Spin’s launch is part of a pilot program from the Seattle Department of Transportation (SDOT) that regulates private bike-share companies’ operations within the city, including safety rules and fleet-size regulations.
Spin is trying to get their first 500 bikes—the maximum allowed by SDOT’s pilot program—out on Seattle streets today. Another company, San Mateo-based LimeBike, also had their permit approved today. They’re putting their bright green bikes out on the street over the course of this week.
Spin’s bright orange bikes feature an onboard GPS with cellular modem; 26-inch, solid-foam tires; three-speed internal hubs, geared low-ish; a dynamo-hub-driven LED front light; adjustable-height seats; a front basket; and fenders.
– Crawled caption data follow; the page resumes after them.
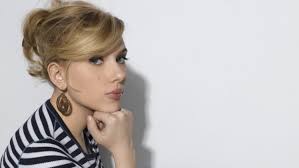 Scarlett johansson hd wallpapers in high quality hd and widescreen resolutions from page 1. Women Face Scarlett Johansson Hd Wallpapers Desktop And Mobile Images Photos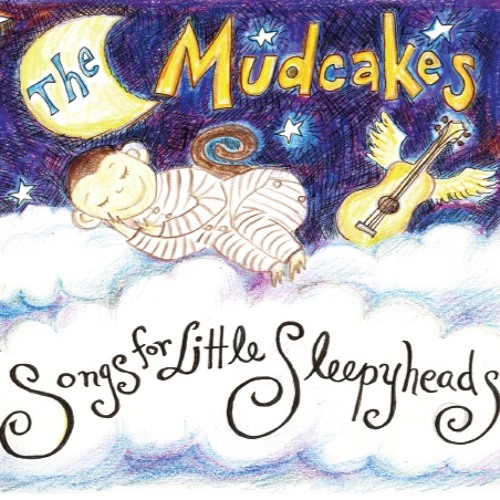 Stream I See the Moon by The Mudcakes | Listen online for free on ...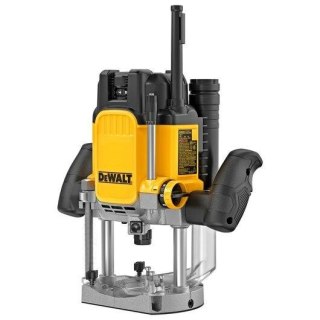 DEWALT FREZARKA GÓRNOWRZECIONOWA 2300W DWE625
The bikes cost $1 for a 30-minute ride.
While it’s still illegal to ride a bike in King County without a helmet, the city won’t require Spin or other companies to provide the helmet. They just have tell riders that it’s the law.
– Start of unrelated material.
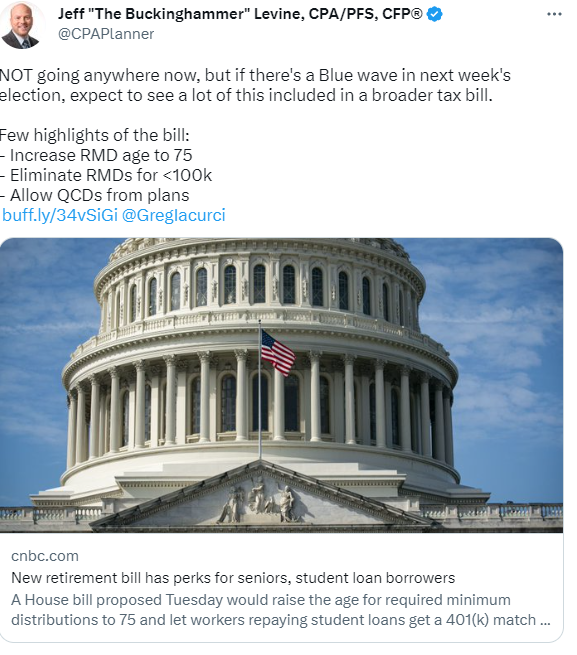 current events on twitter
Unlike Pronto—but like many other companies vying for Seattle’s cyclists right now—Spin operates on a dockless system. Riders unlock the bike using an app, and when they’re done, they park the bike in an authorized location. Per SDOT, that means, for the most part, the landscape-and-furniture zone of the parking lot between main pedestrian thoroughfare and the curb, with some exceptions.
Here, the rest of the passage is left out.